Photo by Clare Kiernan
At first glance, Carlos D. Gerardo, Edmond Cretu and Robert Rohling’s new polymer capacitive micro-machined ultrasound transducer (polyCMUT) looks like a computer chip, but it’s actually a series of microscopic drums built with a novel printing process. This innovation uses mechatronics and micromachining to convert sound into electrical signals at a fraction of the price of the industry-standard piezoelectric crystal technology.

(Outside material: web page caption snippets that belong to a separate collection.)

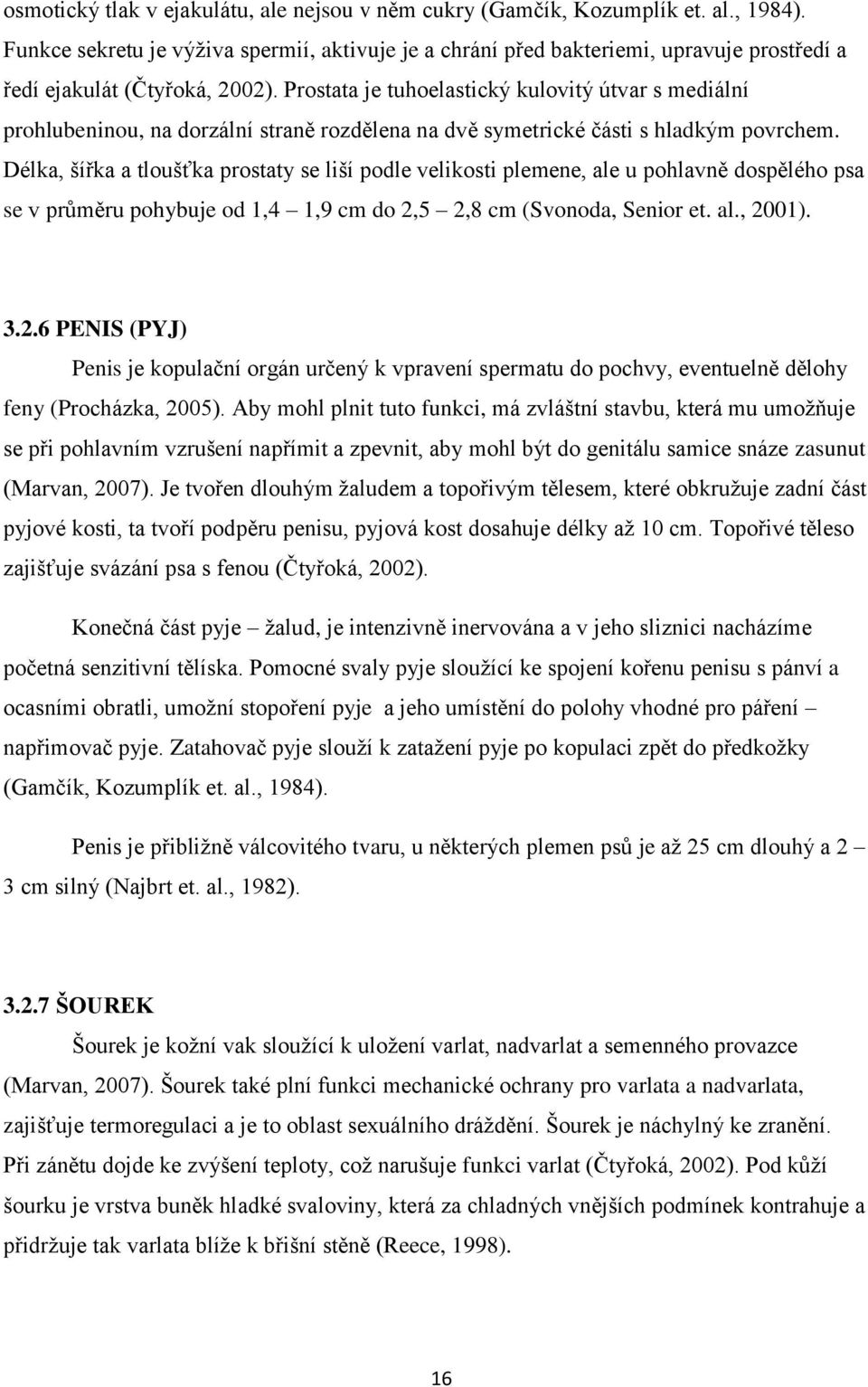 Prostata je tuhoelastický kulovitý útvar s mediální prohlubeninou, na dorzální straně rozdělena na dvě symetrické části s hladkým povrchem.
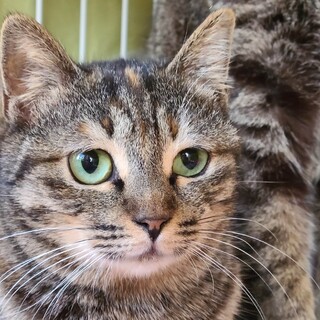 【6/18神田】小柄なムギワラ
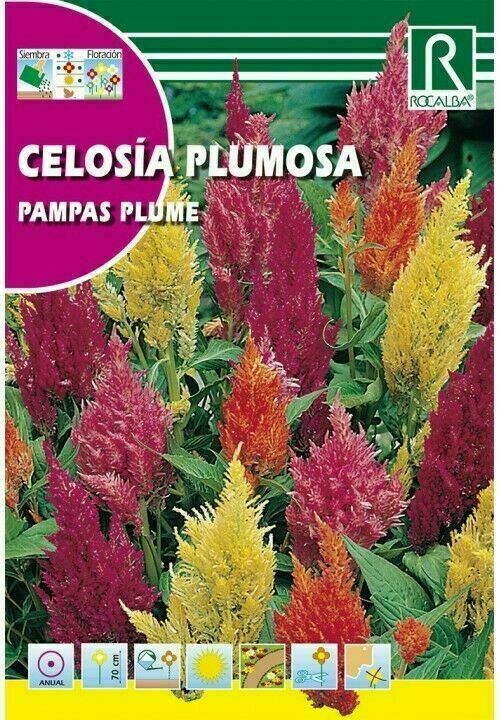 FLORES CELOSIA PLUMOSA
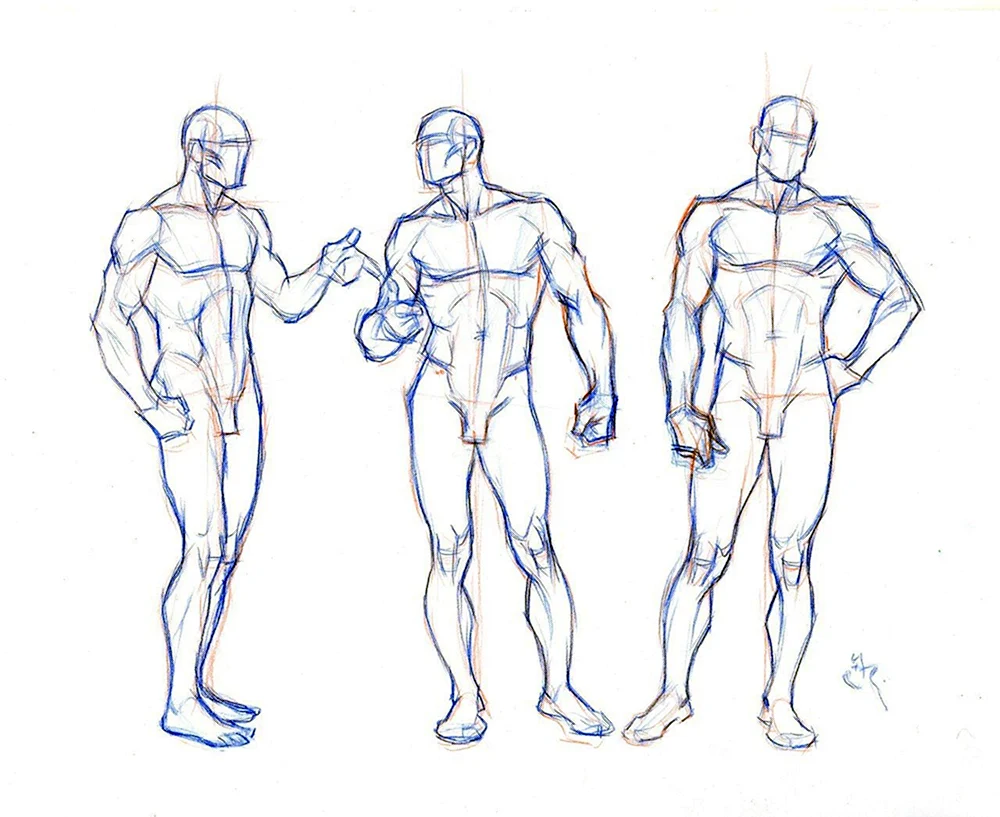 Männliche Anatomie Referenz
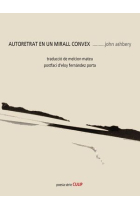 Autoretrat en un mirall convex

The same technology used in a record player, piezoelectric ultrasound transducers depend on crystals that create a charge when they are squeezed, or change shape when a charge is passed through them. This is how they can convert the mechanical energy of sound waves into electrical signals. The drawback is that the crystal transducers are fragile, expensive and labour-intensive to produce – crystals are cut and arranged by hand, “like jewelry,” explains Dr. Robert Rohling, a Professor of both Mechanical Engineering and Electrical and Computer Engineering, and the director of UBC’s Institute for Computing, Information and Cognitive Systems (ICICS). On the other hand, Gerardo, Cretu and Rohling’s polyCMUTs act like moving capacitors – metal plates at the top and bottom of the drums allow for the measurement of electrical voltage between them as they vibrate. This is what allows information to pass from electrical signals to motion to sound and back again. Made of a polymer resin, they can be printed on demand, opening up the doors for automated mass production, as well as radical financial accessibility.

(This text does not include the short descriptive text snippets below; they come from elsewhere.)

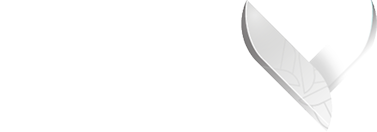 Sustainability Brand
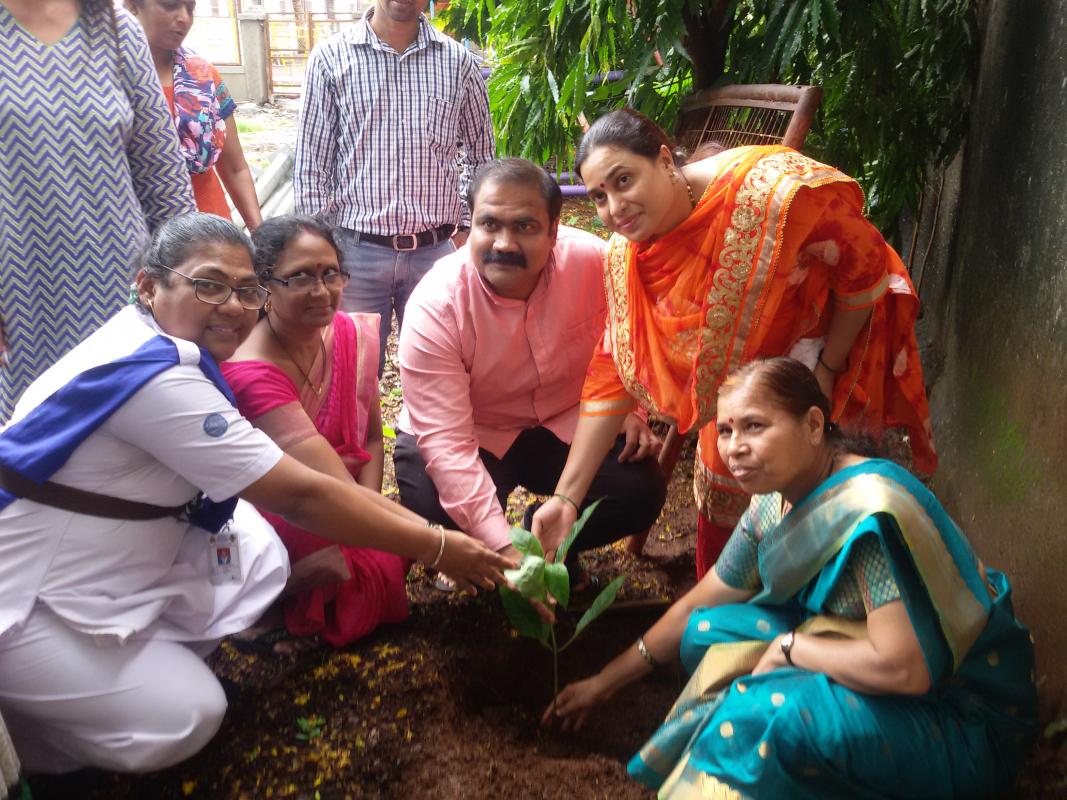 TREE PLANTATION IN MCGM SCHOOL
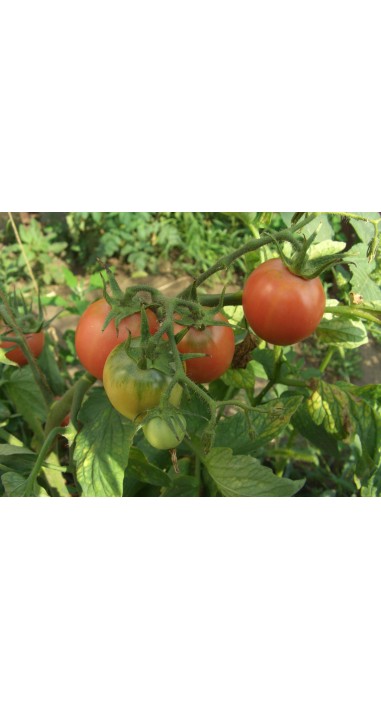 Томат Ляна рожева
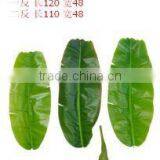 Monstera Leaves,dried Banana Leaf ,foliage Tree Leaves Decoration thumbnail-1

Dr. Rohling explained that the idea to use drums is not new; researchers at Stanford and other institutions have been looking into Capacitive Micromachine Ultrasound Transducers (CMUTs) as well. The UBC team’s difference is their focus on the material properties of the drums; using a flexible polymer allows them to be printed, and opens up a host of potential benefits and possibilities for customization. The decision to use a polymer that could be printed came about in part because of Cretu (ECE and ICICS Professor) and Rohling’s frustration with outsourcing prototype manufacturing. Having to send computer-generated designs off campus and wait for fabrication took too long to fit into the timelines needed by graduate students working on their research. With the idea to bring fabrication on site, the two professors co-supervised Gerardo, a Ph.D. candidate who brought in the printing element to their project. “Seven generations of devices later we said ‘eureka’,” explains Rohling.
Gerardo has recently defended his thesis, and the team is looking at what the year ahead will bring for their new technology. If Gerardo stays at UBC for a Postdoctoral Fellowship, he will spend the next year testing and prototyping the polyCMUTs, and formulating the plan with Entrepreneurship UBC to take them from the lab to the market, utilizing UBC’s Lean Launchpad and exploring industry collaborations.
Rohling’s plans are even larger: “This breakthrough is part of a much bigger vision we have for the whole field of ultrasound,” he says. Researchers are looking at ways to create highly portable devices that work with smartphones, making ultrasound machines “no longer on a big cart, but in the pocket of a doctor walking around the emergency room.” He and his colleagues are finding ways to lower the cost of ultrasound technology, provide greater access, identify new applications, and create new intelligence tools: new quantifying measures, artificial intelligence integrations, and ways of connecting ultrasound data to other information gathered from different sources. Rohling says:
If you look at how our healthcare system is going, we have a terrific health care system in Canada, but it has a lot of demand on it, and as Canadians age we have a big boom of baby boomers who are going to put even more pressure on the healthcare system. We need solutions that are going to provide expanded ability and at the same time it has to be at a lower cost.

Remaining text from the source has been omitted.